On April 2, 2021, the Ban on Non-Compete Agreements Amendment Act of 2020 ("Non-Compete Act"), was signed into law in the District of Columbia.
United States Employment and HR

On April 2, 2021, the Ban on Non-Compete Agreements Amendment Act of 2020 ("Non-Compete Act"), was signed into law in the District of Columbia. Our previous Alert detailing the Non-Compete Act can be found here. Uniquely in D.C., the Non-Compete Act was required to be attached to a fiscal budget - in order to be implemented and, ultimately, to determine its effective date. On August 27, 2021, the Fiscal Year 2022 Budget Support Emergency Act of 2021 ("Emergency Act") was published to the D.C. register.

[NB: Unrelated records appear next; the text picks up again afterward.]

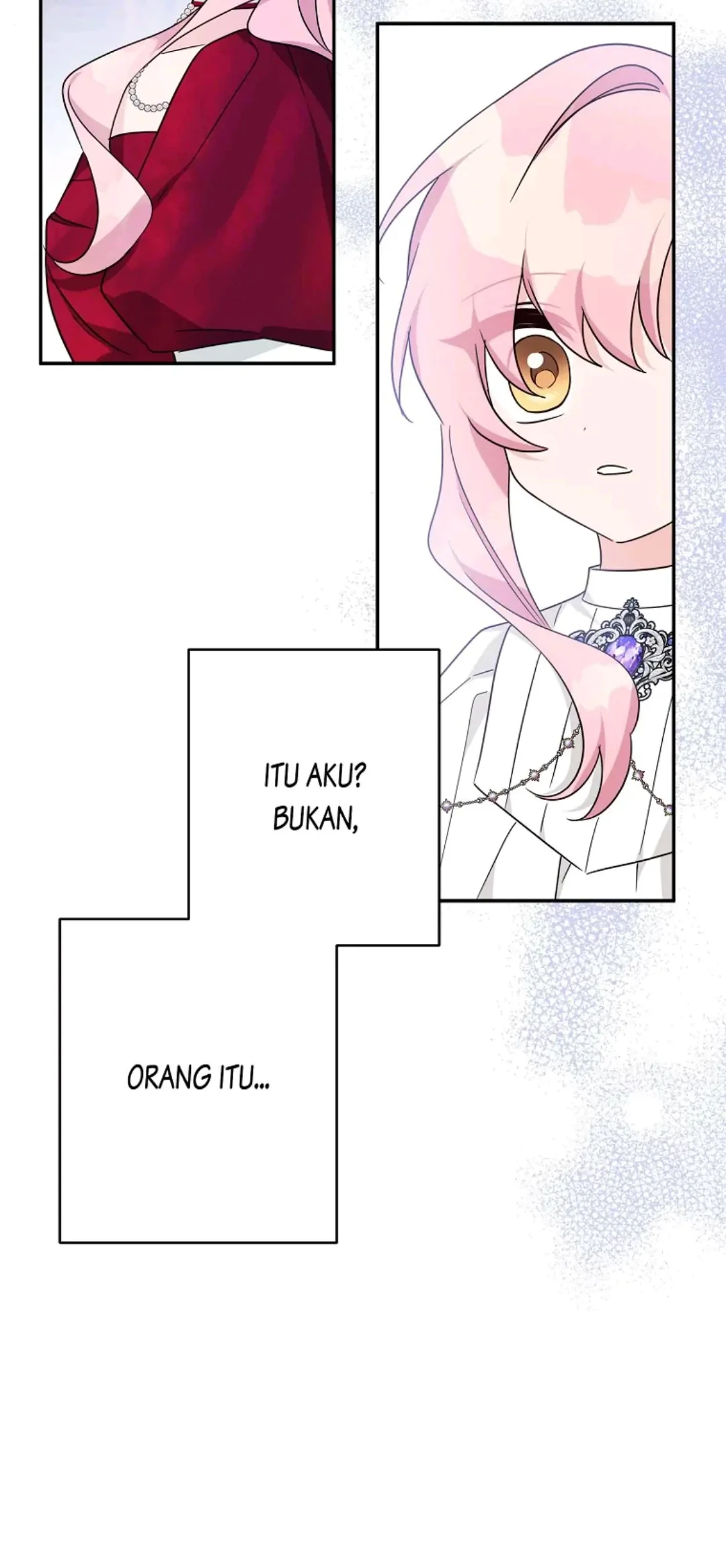 Halaman 132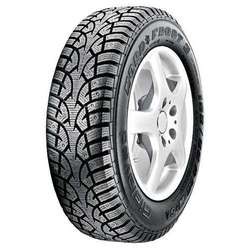 Gislaved Nord Frost 3 185/65 R15 88Q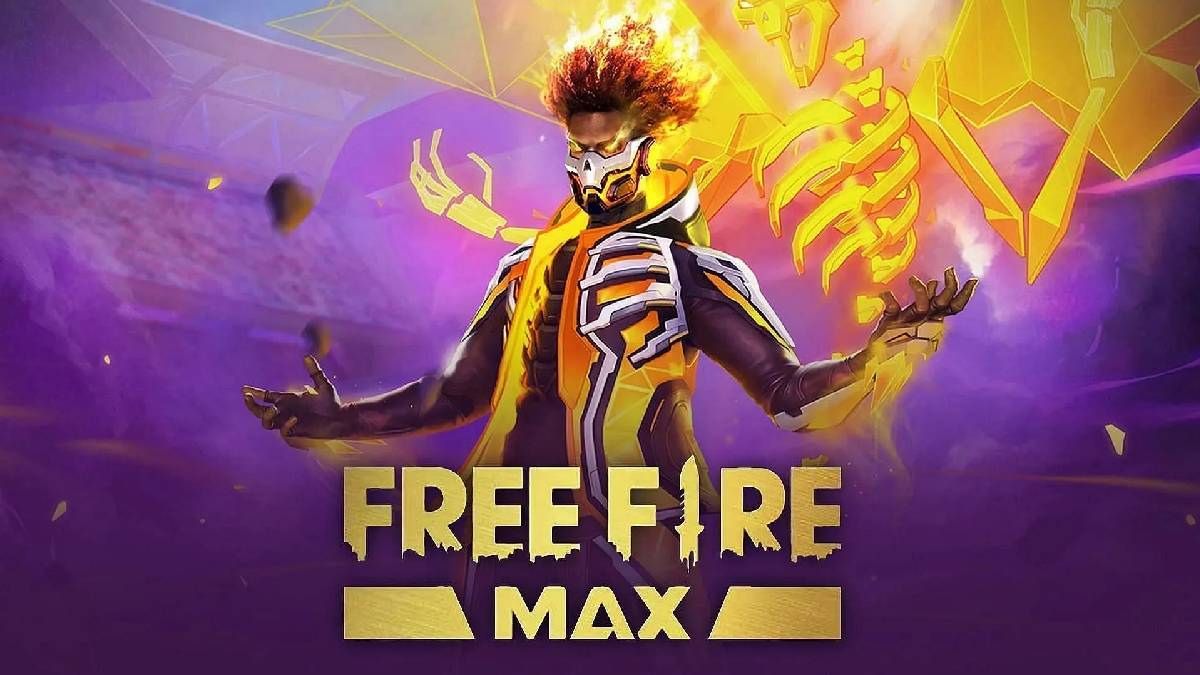 untitled-design-2025-07-17t153953439170725034002 Free Fire Max Redeem Codes Today July 17: Skins, Diamonds and More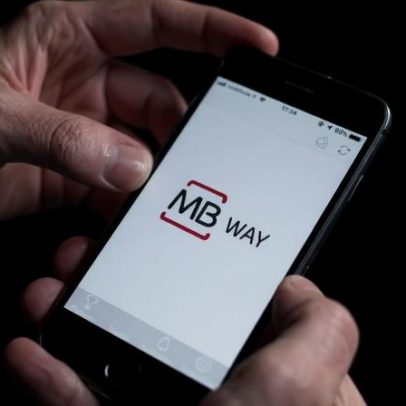 MB Way passa a permitir transferências para 13 países europeus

Included within this Emergency Act was an amendment to the original Non-Compete Act, pushing back the effective date from March 16, 2021 to April 1, 2022. Succinctly, beginning on April 1, 2022 - less than six months from now (and absent any change to the pending law)  - D.C. law will nearly abolish non-compete restrictions.

The Non-Compete Act includes no "look-back" provision, meaning it will not impact current, enforceable non-compete restrictions. Instead, its new provisions will apply only to new restrictions and agreements implemented on April 1, 2022 and thereafter. The important takeaway: those who employ individuals to work in D.C. are strongly encouraged to review their current restrictive covenants - or the lack thereof - so they can plan and act, as warranted, in advance of the April 1st deadline. This might include drafting, implementing or modifying such restrictions with current employees, accelerating - or at least attempting to accelerate - certain new hires (who would ordinarily be subject to these restrictions) or, alternatively, shifting your focus and reliance upon other restrictive covenants still available to protect your business interests after April 1st. As any strategy (restriction) used going forward is likely to be subject to heightened scrutiny in 2022 and the years ahead, seeking professional counsel before making any critical changes - or deciding to forego them - can be a wise investment.

The content of this article is intended to provide a general guide to the subject matter. Specialist advice should be sought about your specific circumstances.